Remember UW and Pine?
>> Arguing that a license is vague enough to be non-free is impeding?
>No, but raising specious arguments is impeding.
Again, when are you going to stop impeding?
>> Then you've been impeding Debian ever since you subscribed to this
>> list (I believe the first argument you and I had on this list was
>> you taking the position that the Artistic license was too vague to
>> be DFSG free), and you haven't stopped yet.
>I think you're incorrect. In any case, the Artistic license isn't the
>point here; the issue is the PBS license. It would be impeding work
No, it's not the point, the point is that you're engaging in behaviors you
call in others impeding. The self same behavior you used in the
case of the DFSG-free-by-definition Artistic license is now the behavior
you damn in my use in the case of the questionably-DFSG-free PBS. They
have a word for that kind of personality trait: hypocrisy.
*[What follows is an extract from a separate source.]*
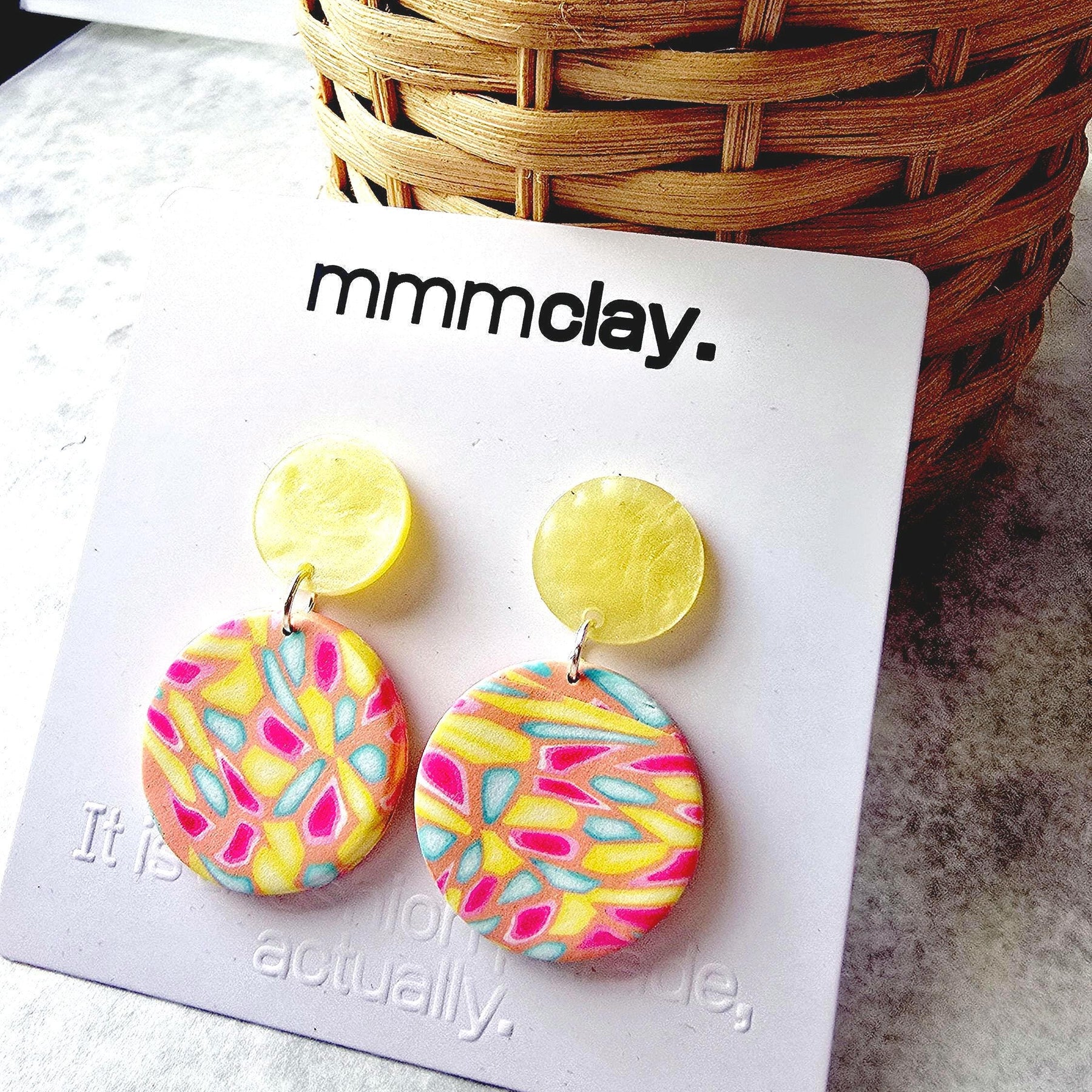 Pastel Yellow Double Disc Drops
>to start asking whether the X license is really free, or the GPL.
>It's not even impeding work to ask if the PBS license is free. But it
>is impeding work to raise specious claims about the X license.
I think you need to learn a new word: CONTEXT. The fact is that ALL
licenses are restrictive in some form or another, otherwise there wouldn't
be a need for them. Pointing out the restriction in the X license was
done at the behest of Edmund, and it's only germane to this discussion in
the fact that you couldn't even license your changes to OpenPBS under it,
arguably one of the LEAST restrictive licenses in existence. My point
still stands that the only way to make changes IAW clause 5 is to release
them PD, as ANY license contains "restrictions". Please do us all a favor
and open up a nice tall can of Shut The Hell Up and drink it all up.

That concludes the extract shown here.